MelTok: 2D Tokenization for Single-Codebook Audio Compression
Jingyi Li, Zhiyuan Zhao, Zhisheng Zhang, Yunfei Liu, Lijian Lin, Ye Zhu, Jiahao Wu, Qiuqiang Kong, Yu Li
TL;DR
MelTok introduces a 2D mel-spectrogram tokenizer to compress 44.1 kHz audio into a single codebook and pairs it with a token-based vocoder in a two-stage pipeline. The first stage learns discrete mel-tokens by reconstructing log-Mel spectrograms with both reconstruction and perceptual losses, while the second stage reconstructs waveforms from these tokens using a Lipschitz-stable vocoder and adversarial training.
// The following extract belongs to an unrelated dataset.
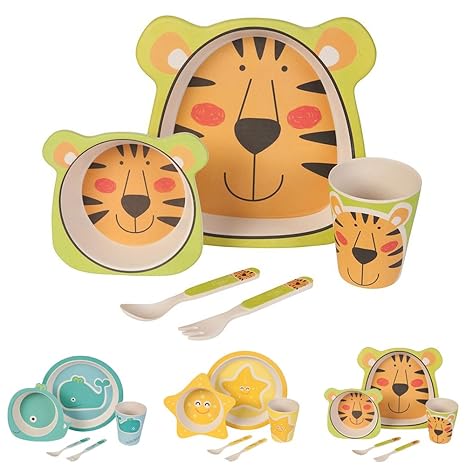BIOZOYG Set vajilla Infantil de bambú sin bpa 5 Piezas I Motivo Tigre I Servicio de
The approach delivers competitive perceptual quality and superior spectral fidelity compared with multi-codebook baselines, and maintains discriminative information for downstream tasks. The work also provides theoretical bounded-error analysis for error propagation through discrete codes to the final waveform, informing architecture choices and suggesting strong potential for audio-language modeling and downstream understanding tasks.
Abstract
Large Audio Language Models (LALMs) have emerged with strong performance across diverse audio understanding tasks and can be further enhanced by neural audio codecs. Transitioning from multi-layer residual vector quantizers to a single-layer quantizer has been shown to facilitate more efficient downstream language models decoding. However, the ability of a single codebook to capture fine-grained acoustic details remains limited, as the frequency-variant nature of 1D tokenizers leads to redundancy. To address this issue, we propose MelTok, a two-dimensional (2D) tokenizer that effectively compresses acoustic details of 44.1 KHz audio into a single codebook. The tokenizer encodes audio into a more compact representation than one-dimensional tokenizers. Furthermore, to recover audio from mel-spectrogram tokens, we propose a token-based vocoder. Both objective and subjective evaluations demonstrate that MelTok achieves quality comparable to multi-codebook codecs and outperforms existing state-of-the-art neural codecs with a single codebook on high-fidelity audio reconstruction. By preserving acoustic details, MelTok offers a strong representation for downstream understanding tasks.